EXERCISE: Go through the listing below and return each line that includes "Black".

INFORMATION SUPPLIED:
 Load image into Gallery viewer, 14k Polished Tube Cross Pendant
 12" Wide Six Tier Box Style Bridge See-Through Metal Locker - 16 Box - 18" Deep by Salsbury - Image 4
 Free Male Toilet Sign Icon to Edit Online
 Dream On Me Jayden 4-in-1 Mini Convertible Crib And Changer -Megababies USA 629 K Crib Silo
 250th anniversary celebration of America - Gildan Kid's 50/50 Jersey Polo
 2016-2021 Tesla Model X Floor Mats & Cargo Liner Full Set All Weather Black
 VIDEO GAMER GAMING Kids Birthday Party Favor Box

==

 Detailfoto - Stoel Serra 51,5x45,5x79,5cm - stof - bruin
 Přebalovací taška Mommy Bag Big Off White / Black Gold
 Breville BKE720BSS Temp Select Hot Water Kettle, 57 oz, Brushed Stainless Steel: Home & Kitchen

==

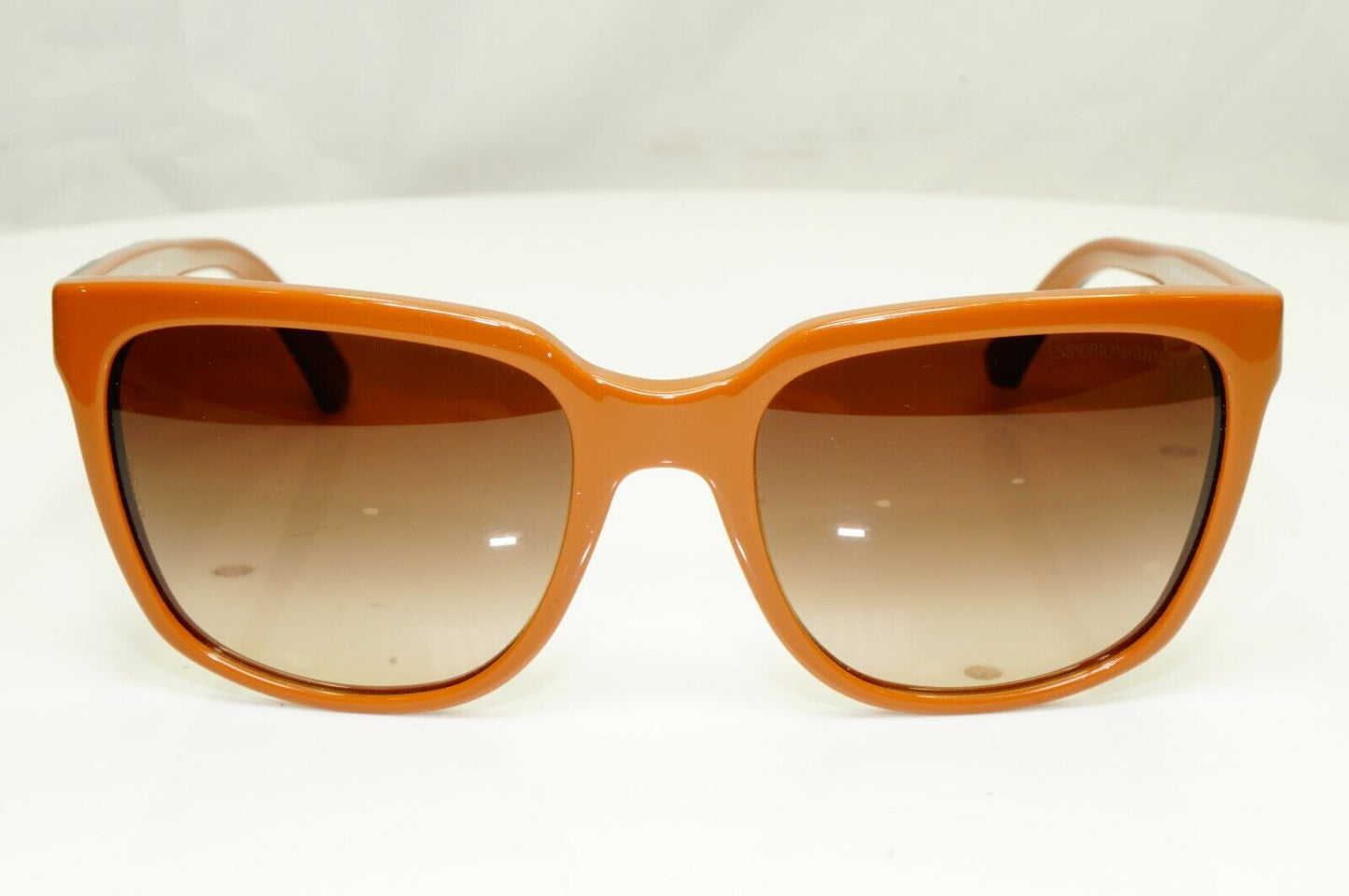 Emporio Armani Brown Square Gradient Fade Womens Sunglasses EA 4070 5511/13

EXERCISE RESPONSE:
 2016-2021 Tesla Model X Floor Mats & Cargo Liner Full Set All Weather Black
 Přebalovací taška Mommy Bag Big Off White / Black Gold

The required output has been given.